During her senior year of high school, Sky Bela, ‘22, boarded a plane from her home state of Texas to Pennsylvania to participate in Lehigh’s annual Diversity Life Weekend (D-Life).
Every year, Lehigh Admissions flies over 100 accepted students from diverse backgrounds to spend a weekend on campus in order to showcase the Lehigh experience and encourage diverse enrollment.
Over the course of the weekend, Bela and other participants interacted with students of color and visited inclusive spaces like Lehigh’s Pride Center and Multicultural Center. Bela left the weekend feeling that her lesbian and Mexican identities would not only be accepted, but celebrated at Lehigh.
“The consensus was that Lehigh welcomed you with open arms, and then I got here and that wasn’t the case,” she said.
Programs like D-Life and the Diversity Achievers Program are doing important work in attempting to diversify a historically white, straight campus. But are they selling a Lehigh experience that doesn’t exist?
Bela, who fears holding hands with her girlfriend on campus, is regularly dismissed as aggressive for voicing concerns about her Lehigh experience. Bela feels exploited by Lehigh’s administration and views her experience as a far cry from the image sold to her on that April weekend years ago.
“Seeing Lehigh up close and personal, it’s a very different picture of what they portray when you’re applying here,” Bela said.
Reflecting on her D-Life and Lehigh experience, Bela said she thinks the university exploits its students’ identities in order to appear more diverse and, ultimately, make more money.

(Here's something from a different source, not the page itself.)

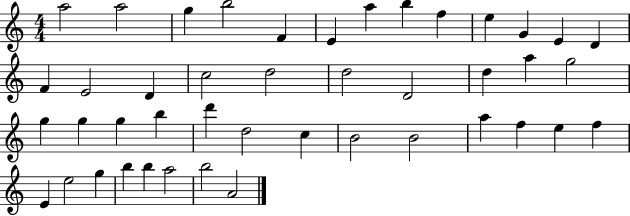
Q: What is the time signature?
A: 4/4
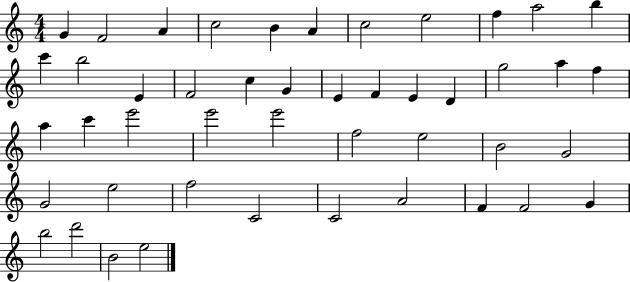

“They say that they’re really welcoming and they’re really willing to listen to queer and transgender students when that’s really not the case,” Bela said.
Bela said when Lehigh tries to approach BIPOC needs and concerns on campus, the university often uses a diversity panel, but turns to the same student voices every time. According to Bela, these voices almost always belong to cisgendered, straight men, which leave out the QTPOC (queer, transgender, person of color) experience.
Bela said when QTPOC try to voice their concerns to the administration, they are often pushed aside or directed towards the Pride Center as evidence of inclusion. But the Pride Center is not a one-size-fits-all solution for LGBTQ+ inclusion on campus.
“I love the Pride Center, but they’re very white,” Bela said. “They don’t understand QTPOC experiences.”
Bela co-founded OSTEM (Out in Science, Technology Engineering and Math) to create a space for QTPOC like herself to feel seen and heard.
There is also a difference between resources available and campus culture.
Bela said Lehigh is quick to point out how various groups and spaces exist to support marginalized communities on campus. However, Lehigh is not willing to address how the institution itself may contribute to the need for these spaces.
“(Lehigh) recognizes that we have all of these inclusive spaces, but they don’t recognize that they are part of the problem, or (that) they’re the reason why these spaces need to exist,” Bela said.
According to Bela, Lehigh policies such as academic probation and criminalization of marijuana use, despite Bethlehem’s recent decriminalization, disproportionately affect students of color and thereby QTPOC. She said that Lehigh needs to address homophobia, transphobia and its racist policies.
Bela has dealt with racism and homophobia both in and outside of Lehigh’s LGBTQ+ community.
When Bela does raise concerns about racism, homophobia or transphobia at Lehigh to her peers, she said she is often dismissed as “aggressive” or “mean.”
This defensiveness when a person is confronted with their own racism is often referred to as “white fragility” and can end important dialogues before they even begin.
Bela said it’s important to identify your privileges so that you can use them to help others.
“If you consider yourself an ally, that’s your job,” she said. “You have to recognize your privileges and recognize how they can benefit other people.”
Approaching the end of her time at Lehigh, Bela said she has met some incredible people and made many good memories, but that is not the whole story.
“I can’t hide the very negative effects that Lehigh has had on me or the people that I love,” she said.